Oh, New Hampshire, never change.

Oh my GOD. Only about six hours till the polls start closing, and I have a job interview to do and I don't know how I can endure it! *bites nails*

If you live in California, PLEASE remember to help defeat Proposition 8. Wherever you are, and no matter how excited you are about the presidential contest, please remember that the race keeps going all the way down the ballot!

Edit I ♥ John Barrowman. Yes, I have been wearing that tshirt out and about town all day today.

Edit 2: Electric Boogaloo! Rachel Maddow's biography on Twitter reads, "i see political people..."

*crush intensifies*

Edit 3: Yes, I am doing it this way so my flist doesn't strangle me for making a bajillion updates. I Didn't Vote for Obama Today. This made me cry.
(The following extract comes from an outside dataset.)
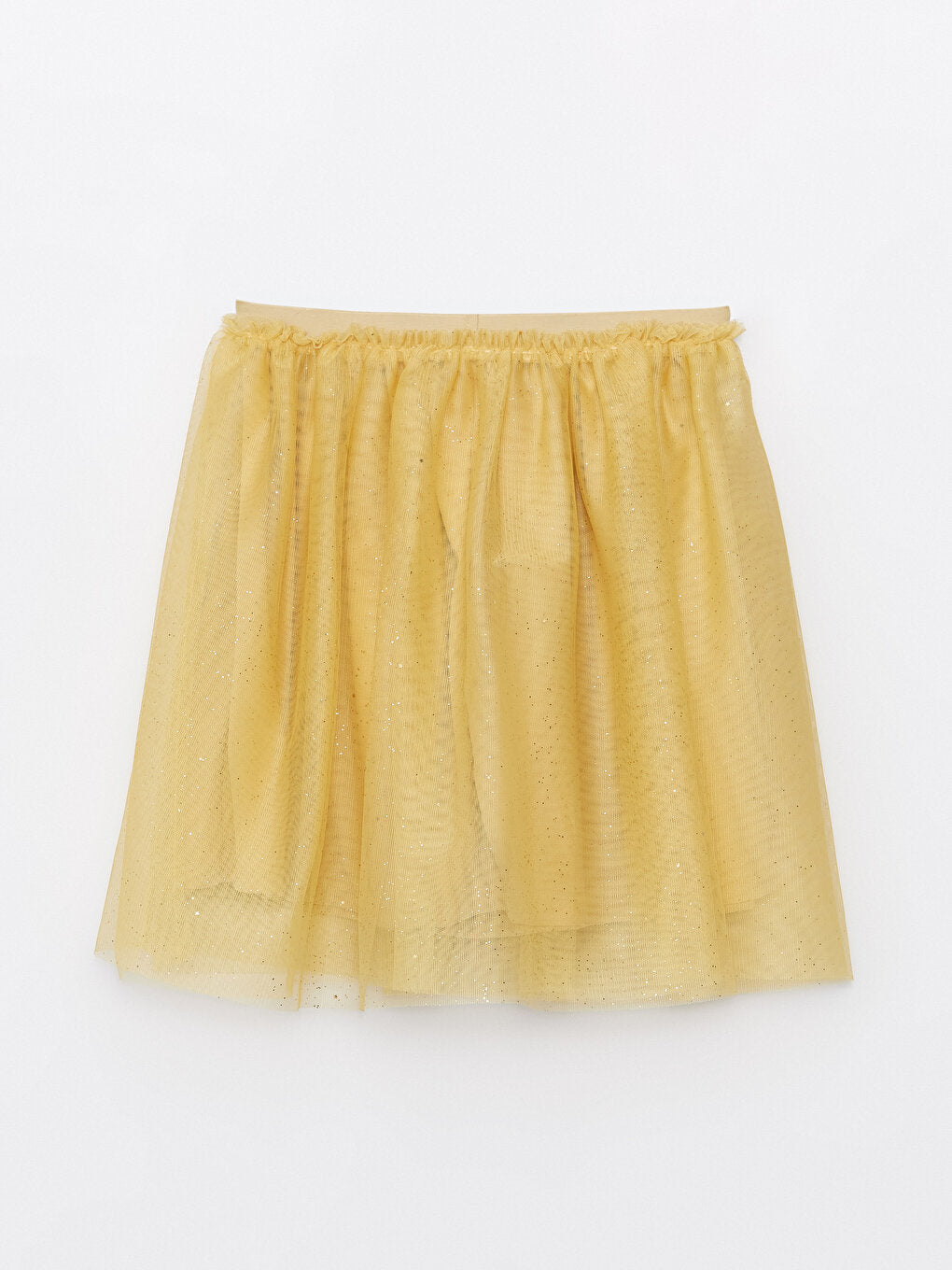 Girls' Skirt with Elastic Waist and Sequin Embroidery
Here's the thing: this feels like a hugely important election. And I haven't said that out in public, because I am only 22. I am practically a baby; what the hell do I know? Maybe when you are 22, every election feels like the most important election in decades. But I am reading so many comments and so many journal entries from people far older than I, who say this one feels different.

Maybe the reason we love Obama so much, the reason this movement leaves people crying with joy as they exit polling places and videotaping their children filling in the bubble for Obama, is because he makes it feel that important. Four years ago, I thought the election was a big deal because I hated Bush. This year? I haven't thought about Bush once in the context of the election. I don't hate McCain- if anything, I feel a little sorry for him, just like I feel a little sorry for Hillary. Wrong election, wrong year. It isn't about them.

I am a student of history, and I have always wondered, "How does it feel to be part of something that will end up in the history books? Do you realize it, while it's happening? Can you feel something like that in the air?"

Many many years from now, this election will go down in the history books. Hopefully, as the restoration of the standing of America in the world and the start of a long downward trend of partisan division, negative campaigning, and religious culture wars in America. Probably, as the election of the first black president of this nation. Certainly, at least, as the first serious black challenger to the presidency and a truly different kind of campaign in terms of funding, volunteering, and excitement.

And one day they will ask, "Did you know, while it was happening? Could you feel it in the air, this thing you were a part of?"

We will remember that there is something happening in America, that we are not as divided as our politics suggest, that we are one people, we are one nation.

And, together, we will begin the next great chapter in the American story, with three words that will ring from coast to coast, from sea to shining sea: Yes, we can.